We may now try to ascertain what is meant by cognition as an essential element in this life, or, more exactly, what we are to understand by the term presentation. It was an important step on onwards for psychology when Locke introduced that "new way of ideas" which Stillingfleet found alternately so amusing and so dangerous. By idea Locke tells us he meant true appearances in men’s minds, or "whatever is the immediate object of perception, thought, or understanding"; and it was so far a retrograde step when Hume restricted the term to certain only of these appearances or objects, or rather to these appearances or objects in a certain state, viz., as reproduced ideas or images. And indeed, the history of psychology seems to show that its most important advances have been made by those who have kept closely to this way of ideas ; the establishment of the laws of association and their many fruitful applications and the whole Herbartian psychology may suffice as instances (see HERBART). The truth is that the use of such a term is itself a mark of an important generalization, one which helps to free us from the mythology and verbiage of the "faculty-psychologists." All that variety of mental facts which we speak of as sensations, perceptions, images, intuitions, concepts, notions, have two characteristics in common :— (1) they admit of being more or less attended to, and (2) can be reproduced and associated together.
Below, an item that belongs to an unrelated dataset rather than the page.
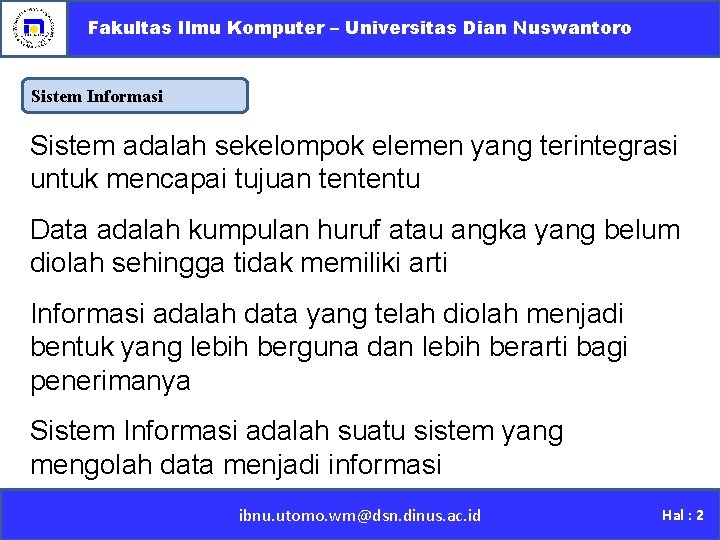 Fakultas Ilmu Komputer – Universitas Dian Nuswantoro Sistem Informasi Sistem adalah sekelompok elemen yang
It is he re proposed to use the term presentation to connote such a mental fact, and as the best English equivalent for what Locke meant by idea and what Kant and Herbart called a Vorstellung.
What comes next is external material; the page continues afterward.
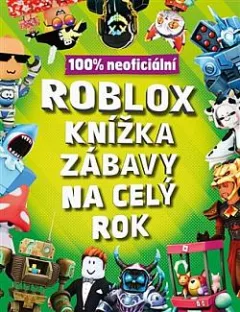 Roblox - 100% neoficiální knížka zábavy na celý rok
A presentation has then a twofold relation, —first, directly to the subject, and secondly, to other presentations. By the first is meant the fact that the presentation is attended to, thaat the subject is more or less conscious of it : it is "in his mind" or presented. As presented to a subject a presentation might with advantage be called an object, or perhaps a psychical object, to distinguish it from what are called objects apart from presentation, i.e., conceived as independent of any particular subject. Locke, as we have seen, did so call it; still, to avoid possible confusion, it may turn out best to dispense with the frequent use of object in this sense. But on one account, at least, it is desirable not to lose sight altogether of this which is after all the sticker as well as the older signification of object, namely, because it enables us to express definitely, without implicating any ontological theory, what we have so far seen reason to think is the fundamental fact in psychology. Instead of depending mainly on that vague and treacherous word "consciousness," or committing ourselves to the position that ideas are modifications of a certain mental substance and identical with the subject to which they are presented, we may leave all this on one side, and say that ideas are objects, and the relation of objects to subjects—that whereby the one is object and that other subject—is presentation. And it is because only objects sustain this relation that they may be spoken of simply as presentations.